21. Dynamic Threshold Automation
Static limits become stale. Implement adaptive thresholds derived from rolling averages:
avgDurationLast24h = float(variables('totalDurationWindow')) / float(variables('countWindow'))
dynamicTimeout = mul(avgDurationLast24h, 2.5)
If currentDuration > dynamicTimeout classify as latency anomaly and emit proactive warning before user impact escalates.
Transient retry tuning example:
baseDelaySeconds = 10
jitter = rand(0,4)
attemptDelay = pow(2, attemptNumber) * baseDelaySeconds + jitter
Cap attemptDelay at 300 seconds to prevent extreme waits.
22. Advanced Telemetry Queries (Kusto)
Dead Letter Backlog Age P95:
ResilienceLog
| where deadLetter == true
| summarize backlogAgeP95 = percentile(datetime_diff('minute', timestampUtc, now()), 95)
Circuit Opens Trend:
ResilienceLog
| where circuitState == 'Open'
| summarize opens=count() by bin(timestampUtc, 1d)
Retry Success Rate:
ResilienceLog
| where retryAttempt > 0
| summarize successes = countif(errorType == 'None'), total = count()

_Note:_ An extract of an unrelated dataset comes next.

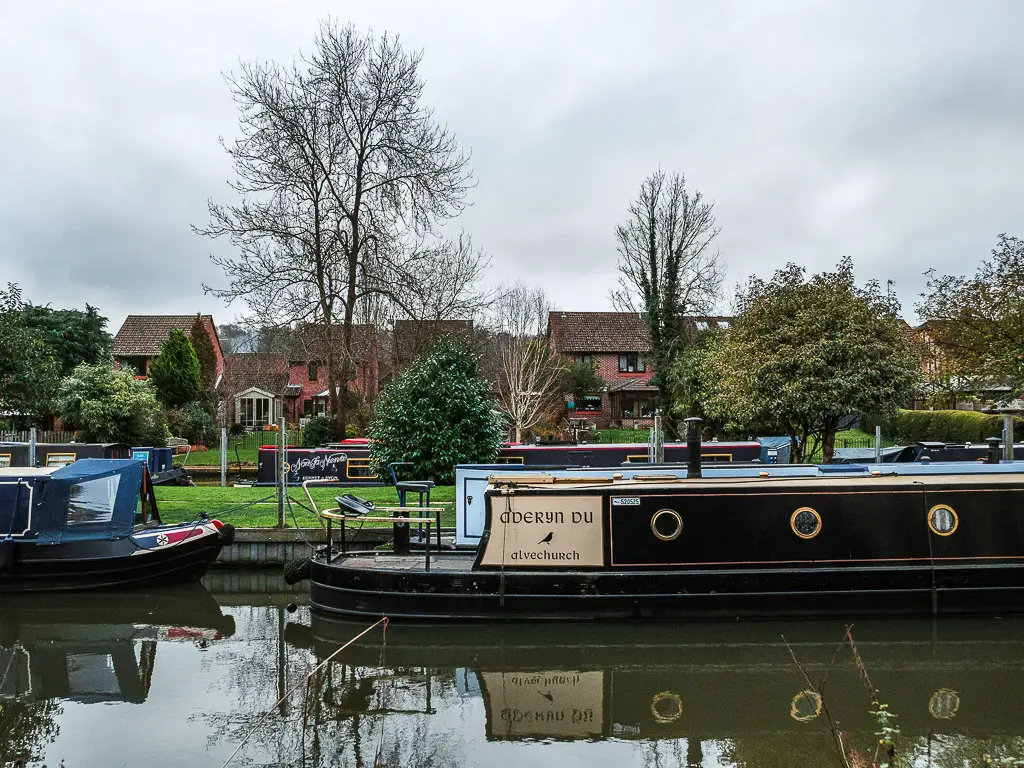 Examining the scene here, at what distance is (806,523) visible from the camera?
10.6 m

| extend rate = successes * 100.0 / total
Compensation Failure Ratio:
ResilienceLog
| where compensationApplied == 'Yes'
| summarize failures = countif(errorType != 'None'), total = count()
| extend failureRate = failures * 100.0 / total
23. Resilience Architecture (Text Diagram)
Figure: Program.cs – service registration with IntelliSense for DI lifetimes.
Architecture Overview: [Trigger]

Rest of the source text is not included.